Segment Start: Data for review

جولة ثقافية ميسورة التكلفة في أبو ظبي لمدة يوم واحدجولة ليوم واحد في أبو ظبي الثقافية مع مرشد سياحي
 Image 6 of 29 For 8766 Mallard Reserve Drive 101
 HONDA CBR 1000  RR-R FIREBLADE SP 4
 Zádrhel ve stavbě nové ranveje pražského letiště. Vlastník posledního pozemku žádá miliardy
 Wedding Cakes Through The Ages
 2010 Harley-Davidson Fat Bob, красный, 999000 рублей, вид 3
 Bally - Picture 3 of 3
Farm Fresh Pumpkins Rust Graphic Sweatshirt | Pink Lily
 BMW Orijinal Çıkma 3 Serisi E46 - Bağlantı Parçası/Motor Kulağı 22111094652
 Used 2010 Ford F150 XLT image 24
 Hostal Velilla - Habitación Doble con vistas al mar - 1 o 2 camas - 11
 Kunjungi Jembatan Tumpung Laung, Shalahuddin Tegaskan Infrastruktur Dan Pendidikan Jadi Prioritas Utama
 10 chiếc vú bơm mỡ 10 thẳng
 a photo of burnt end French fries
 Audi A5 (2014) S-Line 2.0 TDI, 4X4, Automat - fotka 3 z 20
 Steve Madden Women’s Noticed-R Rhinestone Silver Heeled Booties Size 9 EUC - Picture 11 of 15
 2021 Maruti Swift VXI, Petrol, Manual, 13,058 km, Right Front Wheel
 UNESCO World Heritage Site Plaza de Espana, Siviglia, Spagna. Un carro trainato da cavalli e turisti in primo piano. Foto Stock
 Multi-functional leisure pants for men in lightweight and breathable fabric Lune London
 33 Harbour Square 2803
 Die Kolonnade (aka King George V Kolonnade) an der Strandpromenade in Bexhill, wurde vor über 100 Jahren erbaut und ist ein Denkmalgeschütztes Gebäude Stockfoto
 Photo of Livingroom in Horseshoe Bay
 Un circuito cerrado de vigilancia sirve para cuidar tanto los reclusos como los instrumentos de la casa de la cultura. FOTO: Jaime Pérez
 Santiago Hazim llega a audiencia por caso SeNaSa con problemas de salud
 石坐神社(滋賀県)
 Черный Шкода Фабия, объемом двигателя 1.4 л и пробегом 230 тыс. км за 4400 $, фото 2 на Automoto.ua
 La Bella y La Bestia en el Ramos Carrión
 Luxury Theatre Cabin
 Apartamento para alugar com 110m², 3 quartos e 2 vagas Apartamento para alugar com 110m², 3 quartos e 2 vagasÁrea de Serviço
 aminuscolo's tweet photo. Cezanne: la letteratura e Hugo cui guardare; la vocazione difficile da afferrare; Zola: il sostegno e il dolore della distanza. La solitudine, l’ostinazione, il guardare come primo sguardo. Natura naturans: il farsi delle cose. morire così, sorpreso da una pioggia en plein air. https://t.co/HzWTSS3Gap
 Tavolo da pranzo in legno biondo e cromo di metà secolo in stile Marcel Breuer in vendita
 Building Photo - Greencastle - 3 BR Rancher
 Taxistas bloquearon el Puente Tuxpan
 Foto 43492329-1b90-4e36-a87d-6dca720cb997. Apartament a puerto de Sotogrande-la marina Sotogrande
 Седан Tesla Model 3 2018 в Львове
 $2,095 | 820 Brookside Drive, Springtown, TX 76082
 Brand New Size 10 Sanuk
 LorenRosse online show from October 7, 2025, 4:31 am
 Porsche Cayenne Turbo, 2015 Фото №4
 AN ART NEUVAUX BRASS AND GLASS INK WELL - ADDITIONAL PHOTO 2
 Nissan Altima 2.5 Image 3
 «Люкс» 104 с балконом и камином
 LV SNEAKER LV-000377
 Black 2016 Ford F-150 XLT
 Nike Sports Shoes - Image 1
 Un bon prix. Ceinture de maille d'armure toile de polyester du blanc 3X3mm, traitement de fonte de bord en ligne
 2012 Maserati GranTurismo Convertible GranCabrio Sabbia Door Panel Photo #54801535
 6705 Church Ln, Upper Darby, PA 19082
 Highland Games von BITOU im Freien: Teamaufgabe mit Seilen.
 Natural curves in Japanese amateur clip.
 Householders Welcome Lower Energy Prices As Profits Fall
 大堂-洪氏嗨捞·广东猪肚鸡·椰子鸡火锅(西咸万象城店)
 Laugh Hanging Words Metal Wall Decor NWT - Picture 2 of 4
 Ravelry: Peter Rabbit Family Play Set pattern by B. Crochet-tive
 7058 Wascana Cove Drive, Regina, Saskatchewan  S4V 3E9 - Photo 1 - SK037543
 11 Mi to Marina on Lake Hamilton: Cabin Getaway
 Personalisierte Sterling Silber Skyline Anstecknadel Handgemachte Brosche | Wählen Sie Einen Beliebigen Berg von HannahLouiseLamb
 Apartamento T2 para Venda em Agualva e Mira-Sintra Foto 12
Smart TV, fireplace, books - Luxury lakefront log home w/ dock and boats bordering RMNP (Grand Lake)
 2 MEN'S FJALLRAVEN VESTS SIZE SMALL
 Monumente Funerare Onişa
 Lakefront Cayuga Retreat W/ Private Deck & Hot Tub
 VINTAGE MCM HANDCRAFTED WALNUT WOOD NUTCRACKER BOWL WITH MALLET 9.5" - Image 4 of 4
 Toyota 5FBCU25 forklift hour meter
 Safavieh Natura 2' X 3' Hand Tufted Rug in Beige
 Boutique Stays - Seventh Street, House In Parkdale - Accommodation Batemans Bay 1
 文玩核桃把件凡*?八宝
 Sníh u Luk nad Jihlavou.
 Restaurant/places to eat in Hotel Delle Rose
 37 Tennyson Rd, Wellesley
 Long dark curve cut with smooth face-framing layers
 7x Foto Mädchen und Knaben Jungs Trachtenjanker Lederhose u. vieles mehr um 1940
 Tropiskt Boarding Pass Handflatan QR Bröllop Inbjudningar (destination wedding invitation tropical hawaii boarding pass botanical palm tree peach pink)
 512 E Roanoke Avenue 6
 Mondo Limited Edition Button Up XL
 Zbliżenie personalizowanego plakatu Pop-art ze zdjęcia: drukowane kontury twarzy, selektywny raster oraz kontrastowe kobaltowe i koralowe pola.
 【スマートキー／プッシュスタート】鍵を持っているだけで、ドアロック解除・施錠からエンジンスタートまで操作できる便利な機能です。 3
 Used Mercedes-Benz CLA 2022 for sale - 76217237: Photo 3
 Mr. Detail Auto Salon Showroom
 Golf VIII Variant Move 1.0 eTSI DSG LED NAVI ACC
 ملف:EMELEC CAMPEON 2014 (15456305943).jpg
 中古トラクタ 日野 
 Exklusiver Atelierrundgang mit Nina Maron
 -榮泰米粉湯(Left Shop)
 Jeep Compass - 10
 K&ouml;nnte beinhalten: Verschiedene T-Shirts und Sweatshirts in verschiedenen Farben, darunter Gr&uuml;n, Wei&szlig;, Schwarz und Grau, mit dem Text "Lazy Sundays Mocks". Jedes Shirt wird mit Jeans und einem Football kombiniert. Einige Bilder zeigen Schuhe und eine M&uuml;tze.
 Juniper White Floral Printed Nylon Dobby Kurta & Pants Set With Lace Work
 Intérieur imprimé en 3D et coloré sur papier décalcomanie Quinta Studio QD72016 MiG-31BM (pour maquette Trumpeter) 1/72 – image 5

Segment End: Data for review

» Activity: For this exercise, please copy exactly the lines of the material above from its first line through the line where "vagasÁrea de Serviço" appears.

» Response:
جولة ثقافية ميسورة التكلفة في أبو ظبي لمدة يوم واحدجولة ليوم واحد في أبو ظبي الثقافية مع مرشد سياحي
 Image 6 of 29 For 8766 Mallard Reserve Drive 101
 HONDA CBR 1000  RR-R FIREBLADE SP 4
 Zádrhel ve stavbě nové ranveje pražského letiště. Vlastník posledního pozemku žádá miliardy
 Wedding Cakes Through The Ages
 2010 Harley-Davidson Fat Bob, красный, 999000 рублей, вид 3
 Bally - Picture 3 of 3
Farm Fresh Pumpkins Rust Graphic Sweatshirt | Pink Lily
 BMW Orijinal Çıkma 3 Serisi E46 - Bağlantı Parçası/Motor Kulağı 22111094652
 Used 2010 Ford F150 XLT image 24
 Hostal Velilla - Habitación Doble con vistas al mar - 1 o 2 camas - 11
 Kunjungi Jembatan Tumpung Laung, Shalahuddin Tegaskan Infrastruktur Dan Pendidikan Jadi Prioritas Utama
 10 chiếc vú bơm mỡ 10 thẳng
 a photo of burnt end French fries
 Audi A5 (2014) S-Line 2.0 TDI, 4X4, Automat - fotka 3 z 20
 Steve Madden Women’s Noticed-R Rhinestone Silver Heeled Booties Size 9 EUC - Picture 11 of 15
 2021 Maruti Swift VXI, Petrol, Manual, 13,058 km, Right Front Wheel
 UNESCO World Heritage Site Plaza de Espana, Siviglia, Spagna. Un carro trainato da cavalli e turisti in primo piano. Foto Stock
 Multi-functional leisure pants for men in lightweight and breathable fabric Lune London
 33 Harbour Square 2803
 Die Kolonnade (aka King George V Kolonnade) an der Strandpromenade in Bexhill, wurde vor über 100 Jahren erbaut und ist ein Denkmalgeschütztes Gebäude Stockfoto
 Photo of Livingroom in Horseshoe Bay
 Un circuito cerrado de vigilancia sirve para cuidar tanto los reclusos como los instrumentos de la casa de la cultura. FOTO: Jaime Pérez
 Santiago Hazim llega a audiencia por caso SeNaSa con problemas de salud
 石坐神社(滋賀県)
 Черный Шкода Фабия, объемом двигателя 1.4 л и пробегом 230 тыс. км за 4400 $, фото 2 на Automoto.ua
 La Bella y La Bestia en el Ramos Carrión
 Luxury Theatre Cabin
 Apartamento para alugar com 110m², 3 quartos e 2 vagas Apartamento para alugar com 110m², 3 quartos e 2 vagasÁrea de Serviço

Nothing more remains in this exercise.